> **TASK INSTRUCTIONS**: From the listing below, output only the lines starting at the line that has "From now on, you" and ending at the line that has "I'm getting the", exactly as they appear, ends included.

--- START ---

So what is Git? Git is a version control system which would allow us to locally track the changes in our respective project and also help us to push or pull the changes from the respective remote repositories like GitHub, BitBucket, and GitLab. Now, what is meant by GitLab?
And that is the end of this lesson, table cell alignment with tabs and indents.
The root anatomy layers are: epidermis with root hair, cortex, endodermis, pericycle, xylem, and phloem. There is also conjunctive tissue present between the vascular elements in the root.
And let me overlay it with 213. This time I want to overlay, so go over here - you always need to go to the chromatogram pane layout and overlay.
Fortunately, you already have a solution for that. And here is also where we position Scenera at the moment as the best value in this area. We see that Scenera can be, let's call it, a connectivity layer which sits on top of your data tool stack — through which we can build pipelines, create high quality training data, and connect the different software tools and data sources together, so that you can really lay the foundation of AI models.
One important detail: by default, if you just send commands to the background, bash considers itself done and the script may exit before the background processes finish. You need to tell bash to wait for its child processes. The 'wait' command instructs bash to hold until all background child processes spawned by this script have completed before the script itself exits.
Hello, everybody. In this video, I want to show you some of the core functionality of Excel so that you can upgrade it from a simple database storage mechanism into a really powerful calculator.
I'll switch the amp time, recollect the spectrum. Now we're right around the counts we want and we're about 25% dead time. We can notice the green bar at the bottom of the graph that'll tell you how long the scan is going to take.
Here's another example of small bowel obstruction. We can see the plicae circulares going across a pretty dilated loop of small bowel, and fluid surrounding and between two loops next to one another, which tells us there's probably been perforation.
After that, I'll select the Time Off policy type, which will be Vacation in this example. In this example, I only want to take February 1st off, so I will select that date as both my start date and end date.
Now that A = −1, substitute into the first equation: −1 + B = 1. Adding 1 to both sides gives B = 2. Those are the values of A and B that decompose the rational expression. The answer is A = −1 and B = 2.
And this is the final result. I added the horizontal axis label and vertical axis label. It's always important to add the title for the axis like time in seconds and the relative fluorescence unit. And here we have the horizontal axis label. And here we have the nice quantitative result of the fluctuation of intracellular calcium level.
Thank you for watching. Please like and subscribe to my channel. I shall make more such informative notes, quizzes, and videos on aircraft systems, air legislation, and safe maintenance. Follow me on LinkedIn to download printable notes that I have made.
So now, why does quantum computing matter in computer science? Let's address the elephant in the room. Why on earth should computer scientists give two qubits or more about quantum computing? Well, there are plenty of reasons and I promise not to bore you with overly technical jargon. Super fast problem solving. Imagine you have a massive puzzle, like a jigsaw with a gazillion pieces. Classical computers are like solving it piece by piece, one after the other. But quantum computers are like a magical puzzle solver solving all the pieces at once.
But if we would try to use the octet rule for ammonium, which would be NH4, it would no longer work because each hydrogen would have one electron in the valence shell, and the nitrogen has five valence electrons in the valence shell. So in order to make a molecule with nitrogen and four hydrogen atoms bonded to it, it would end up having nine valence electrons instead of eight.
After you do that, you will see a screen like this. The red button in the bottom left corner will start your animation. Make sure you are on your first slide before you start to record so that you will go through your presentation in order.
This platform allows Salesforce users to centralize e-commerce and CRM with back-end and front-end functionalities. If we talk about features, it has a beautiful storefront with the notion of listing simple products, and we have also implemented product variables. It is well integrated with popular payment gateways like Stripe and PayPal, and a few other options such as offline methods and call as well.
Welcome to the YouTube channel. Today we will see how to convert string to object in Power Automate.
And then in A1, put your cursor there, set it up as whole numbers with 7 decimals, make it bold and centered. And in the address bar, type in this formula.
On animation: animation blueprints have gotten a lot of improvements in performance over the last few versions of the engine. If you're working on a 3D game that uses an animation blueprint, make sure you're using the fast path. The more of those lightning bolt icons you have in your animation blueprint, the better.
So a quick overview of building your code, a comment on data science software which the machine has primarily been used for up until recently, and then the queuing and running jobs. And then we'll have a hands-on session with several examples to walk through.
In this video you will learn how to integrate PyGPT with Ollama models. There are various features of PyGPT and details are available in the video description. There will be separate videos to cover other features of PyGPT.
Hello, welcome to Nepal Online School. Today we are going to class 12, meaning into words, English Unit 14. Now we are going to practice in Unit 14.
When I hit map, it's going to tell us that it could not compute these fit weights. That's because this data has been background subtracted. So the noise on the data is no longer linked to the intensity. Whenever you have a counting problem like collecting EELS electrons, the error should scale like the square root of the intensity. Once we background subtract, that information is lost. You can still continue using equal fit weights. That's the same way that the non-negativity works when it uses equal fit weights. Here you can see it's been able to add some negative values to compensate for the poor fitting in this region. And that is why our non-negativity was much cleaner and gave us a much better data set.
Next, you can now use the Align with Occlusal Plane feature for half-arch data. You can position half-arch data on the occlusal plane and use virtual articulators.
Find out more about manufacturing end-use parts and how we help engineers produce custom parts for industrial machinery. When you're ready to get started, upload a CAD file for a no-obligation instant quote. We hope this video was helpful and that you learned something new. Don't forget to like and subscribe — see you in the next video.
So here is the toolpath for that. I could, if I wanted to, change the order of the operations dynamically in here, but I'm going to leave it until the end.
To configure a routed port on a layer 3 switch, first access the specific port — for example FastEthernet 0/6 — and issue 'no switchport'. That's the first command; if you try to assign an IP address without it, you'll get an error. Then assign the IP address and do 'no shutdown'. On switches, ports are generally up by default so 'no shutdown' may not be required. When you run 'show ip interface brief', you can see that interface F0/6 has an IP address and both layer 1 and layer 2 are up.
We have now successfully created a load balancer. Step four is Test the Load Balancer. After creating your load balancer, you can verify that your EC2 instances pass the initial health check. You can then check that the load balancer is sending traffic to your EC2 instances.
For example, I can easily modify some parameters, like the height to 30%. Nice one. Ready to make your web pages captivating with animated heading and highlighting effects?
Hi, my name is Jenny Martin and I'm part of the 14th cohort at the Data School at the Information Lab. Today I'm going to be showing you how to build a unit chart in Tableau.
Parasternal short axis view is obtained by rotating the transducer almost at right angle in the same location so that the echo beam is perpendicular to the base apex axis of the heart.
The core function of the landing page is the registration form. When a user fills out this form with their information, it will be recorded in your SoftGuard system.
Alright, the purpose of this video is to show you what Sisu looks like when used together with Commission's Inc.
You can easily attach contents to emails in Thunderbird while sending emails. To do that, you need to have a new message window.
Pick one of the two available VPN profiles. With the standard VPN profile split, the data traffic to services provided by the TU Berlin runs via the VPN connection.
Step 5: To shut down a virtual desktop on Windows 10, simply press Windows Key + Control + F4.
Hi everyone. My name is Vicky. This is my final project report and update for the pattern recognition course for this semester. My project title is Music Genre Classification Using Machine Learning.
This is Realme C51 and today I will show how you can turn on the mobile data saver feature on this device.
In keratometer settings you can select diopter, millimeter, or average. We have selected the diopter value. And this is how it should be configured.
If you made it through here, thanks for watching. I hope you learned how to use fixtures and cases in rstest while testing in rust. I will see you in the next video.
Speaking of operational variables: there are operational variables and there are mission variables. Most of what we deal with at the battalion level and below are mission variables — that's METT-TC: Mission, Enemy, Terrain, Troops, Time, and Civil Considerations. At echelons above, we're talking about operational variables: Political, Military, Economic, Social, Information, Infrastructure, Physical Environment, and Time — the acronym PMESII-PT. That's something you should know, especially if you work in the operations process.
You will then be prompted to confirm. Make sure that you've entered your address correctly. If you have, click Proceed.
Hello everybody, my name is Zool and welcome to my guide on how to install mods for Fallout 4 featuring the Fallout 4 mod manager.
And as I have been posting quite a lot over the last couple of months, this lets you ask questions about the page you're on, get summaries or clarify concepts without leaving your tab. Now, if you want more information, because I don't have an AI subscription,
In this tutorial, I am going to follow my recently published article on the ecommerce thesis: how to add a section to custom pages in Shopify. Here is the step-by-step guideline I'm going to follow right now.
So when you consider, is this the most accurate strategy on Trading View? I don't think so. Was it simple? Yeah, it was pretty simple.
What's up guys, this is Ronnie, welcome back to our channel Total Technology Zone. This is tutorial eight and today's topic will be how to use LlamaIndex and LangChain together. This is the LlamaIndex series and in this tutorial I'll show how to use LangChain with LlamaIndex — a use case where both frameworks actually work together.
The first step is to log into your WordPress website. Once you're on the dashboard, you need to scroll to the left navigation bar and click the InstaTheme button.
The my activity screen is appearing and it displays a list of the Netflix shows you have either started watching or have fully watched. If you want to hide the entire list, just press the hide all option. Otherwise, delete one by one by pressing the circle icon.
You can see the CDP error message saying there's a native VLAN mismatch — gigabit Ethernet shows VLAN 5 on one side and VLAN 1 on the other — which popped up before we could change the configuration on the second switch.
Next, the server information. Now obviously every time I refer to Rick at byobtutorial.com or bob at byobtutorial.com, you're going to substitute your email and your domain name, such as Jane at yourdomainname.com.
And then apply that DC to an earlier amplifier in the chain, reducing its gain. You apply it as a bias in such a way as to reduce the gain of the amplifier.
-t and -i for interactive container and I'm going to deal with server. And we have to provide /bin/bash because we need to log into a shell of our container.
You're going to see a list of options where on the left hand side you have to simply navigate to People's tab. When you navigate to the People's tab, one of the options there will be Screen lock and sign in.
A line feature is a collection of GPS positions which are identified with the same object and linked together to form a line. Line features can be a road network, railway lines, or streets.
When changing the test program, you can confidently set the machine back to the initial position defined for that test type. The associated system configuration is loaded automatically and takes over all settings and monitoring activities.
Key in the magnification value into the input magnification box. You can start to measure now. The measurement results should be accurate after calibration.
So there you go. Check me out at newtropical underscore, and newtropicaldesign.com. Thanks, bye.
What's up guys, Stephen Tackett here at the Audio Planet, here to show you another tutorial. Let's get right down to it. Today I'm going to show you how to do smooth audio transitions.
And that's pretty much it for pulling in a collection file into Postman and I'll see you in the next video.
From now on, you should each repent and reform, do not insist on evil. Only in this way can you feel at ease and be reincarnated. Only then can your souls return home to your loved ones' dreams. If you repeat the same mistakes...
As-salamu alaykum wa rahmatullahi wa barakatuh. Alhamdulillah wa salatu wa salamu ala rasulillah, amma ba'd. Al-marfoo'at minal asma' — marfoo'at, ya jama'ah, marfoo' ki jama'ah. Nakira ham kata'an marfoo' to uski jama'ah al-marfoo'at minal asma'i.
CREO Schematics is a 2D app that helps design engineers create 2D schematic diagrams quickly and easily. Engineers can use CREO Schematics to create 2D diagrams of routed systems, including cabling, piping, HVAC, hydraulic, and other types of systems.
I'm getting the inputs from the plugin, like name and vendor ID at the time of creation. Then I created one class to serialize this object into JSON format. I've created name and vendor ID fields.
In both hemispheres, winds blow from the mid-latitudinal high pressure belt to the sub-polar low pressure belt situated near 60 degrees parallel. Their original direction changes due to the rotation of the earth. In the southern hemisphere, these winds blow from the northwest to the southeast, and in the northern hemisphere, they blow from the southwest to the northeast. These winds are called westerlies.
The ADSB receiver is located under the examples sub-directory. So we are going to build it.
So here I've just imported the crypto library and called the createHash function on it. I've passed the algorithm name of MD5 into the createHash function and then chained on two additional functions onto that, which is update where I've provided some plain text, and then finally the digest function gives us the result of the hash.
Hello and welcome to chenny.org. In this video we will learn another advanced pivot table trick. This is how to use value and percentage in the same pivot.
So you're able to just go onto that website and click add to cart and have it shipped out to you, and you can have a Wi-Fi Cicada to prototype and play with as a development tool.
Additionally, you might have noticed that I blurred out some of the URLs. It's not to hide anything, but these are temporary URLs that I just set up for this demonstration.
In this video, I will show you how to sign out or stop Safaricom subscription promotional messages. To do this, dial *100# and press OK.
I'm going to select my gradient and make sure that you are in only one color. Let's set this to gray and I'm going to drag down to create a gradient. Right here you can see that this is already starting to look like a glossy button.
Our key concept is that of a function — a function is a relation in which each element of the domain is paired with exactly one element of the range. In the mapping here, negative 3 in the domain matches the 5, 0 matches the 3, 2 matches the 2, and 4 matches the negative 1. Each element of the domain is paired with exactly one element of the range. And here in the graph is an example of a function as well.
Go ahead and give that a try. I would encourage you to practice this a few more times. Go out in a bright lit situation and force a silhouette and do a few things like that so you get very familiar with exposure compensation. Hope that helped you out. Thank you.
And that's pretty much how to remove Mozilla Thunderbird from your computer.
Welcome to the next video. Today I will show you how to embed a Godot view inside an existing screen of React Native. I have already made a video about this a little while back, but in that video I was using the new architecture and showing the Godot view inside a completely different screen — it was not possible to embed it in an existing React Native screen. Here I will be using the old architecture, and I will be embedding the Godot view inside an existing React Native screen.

--- END ---

> **ANSWER BELOW**:
From now on, you should each repent and reform, do not insist on evil. Only in this way can you feel at ease and be reincarnated. Only then can your souls return home to your loved ones' dreams. If you repeat the same mistakes...
As-salamu alaykum wa rahmatullahi wa barakatuh. Alhamdulillah wa salatu wa salamu ala rasulillah, amma ba'd. Al-marfoo'at minal asma' — marfoo'at, ya jama'ah, marfoo' ki jama'ah. Nakira ham kata'an marfoo' to uski jama'ah al-marfoo'at minal asma'i.
CREO Schematics is a 2D app that helps design engineers create 2D schematic diagrams quickly and easily. Engineers can use CREO Schematics to create 2D diagrams of routed systems, including cabling, piping, HVAC, hydraulic, and other types of systems.
I'm getting the inputs from the plugin, like name and vendor ID at the time of creation. Then I created one class to serialize this object into JSON format. I've created name and vendor ID fields.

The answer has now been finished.